Menkin consiguió en las próximas semanas otras tres fecundaciones: una defectuosa, otra llegó a la fase de dos celulas y la última a la fase de tres celulas. Estos experimentos fueron publicados en la revista Science en agosto de 1944.
Pero para entonces Menkin ya no estaba en el laboratorio de Rock. Su marido perdió su trabajo y consiguió la noticia en Carolina del Norte, en la Universidad Duke. Menkin tuvo que dejarlo todo cuando estaba en la cima.

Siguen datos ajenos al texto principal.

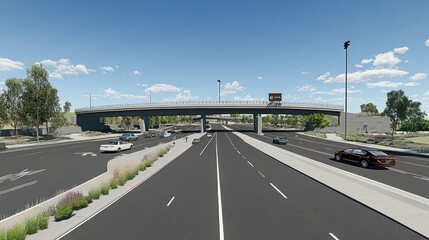 A freeway junction with multiple lanes and overpasses, clean surfaces, and visible road signs, providing a dynamic urban visual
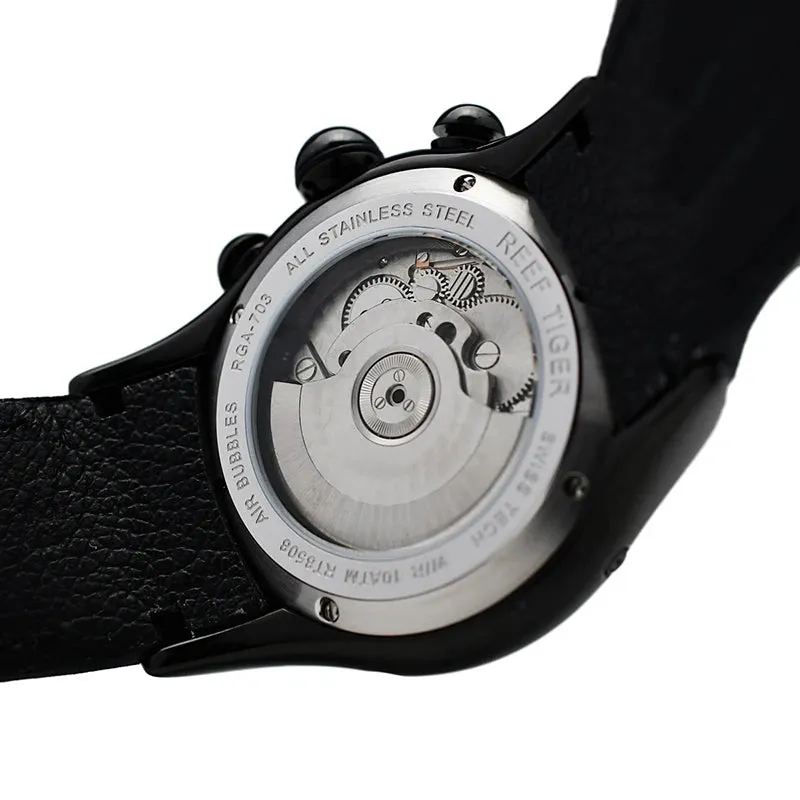 PReef Tiger/RT Sport Watch For Men Skeleton Luminous Watch Year Month Date Day Rose Gold Automatic Watches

En los años siguientes realizó todos sus esfuerzos para seguir investigando en la fecundación in vitro. Pero en vano. Como máximo, le dieron permiso para trabajar en algún laboratorio a partir de las cinco de la tarde y fines de semana, sin retribución alguna. “Pero era madre de dos niños pequeños y no teníamos ni un lugar fijo en el que vivir”, contaría luego, y esas propuestas eran “ridículas”.
Sin embargo, intentó hacer un trabajo remunerado por la mañana y continuar su investigación por la tarde. “Estoy apasionado de repetir la técnica para llegar a fases de cuatro y más células”, escribió Rocki en 1946. Para ello necesitaba óvulos. Un compañero le ofreció que iban de hospital en hospital en su coche. “Creo que vamos a diseñar un sistema, pero para entonces seguro que Valy tendrá otro trabajo en el otro extremo del país”, le escribió preocupado Rock. Y así fue: Tuvieron que ir a Philadelphia.
Menkin se separó de su marido y volvió a Boston. Cuando Rock se entera de que estaba allí, le ofreció un trabajo. Pero para entonces el equipo de Rock ya estaba en otra línea de investigación. Desde que se marchó en Menkin no pudieron germinar más óvulos, y ahora Rock, uno de los desarrolladores de pastillas anticonceptivas junto con Pincus, buscaba métodos para evitar la fecundación.
En los años siguientes Menkin investigó cuestiones como la esterilidad de los caballos, la posible estabilización de la menstruación a través de la luz o la esterilización temporal de los hombres por calentamiento de los calzoncillos. “Lamentablemente no hemos podido seguir investigando en este campo [en la fecundación in vitro]”, escribió Menkin.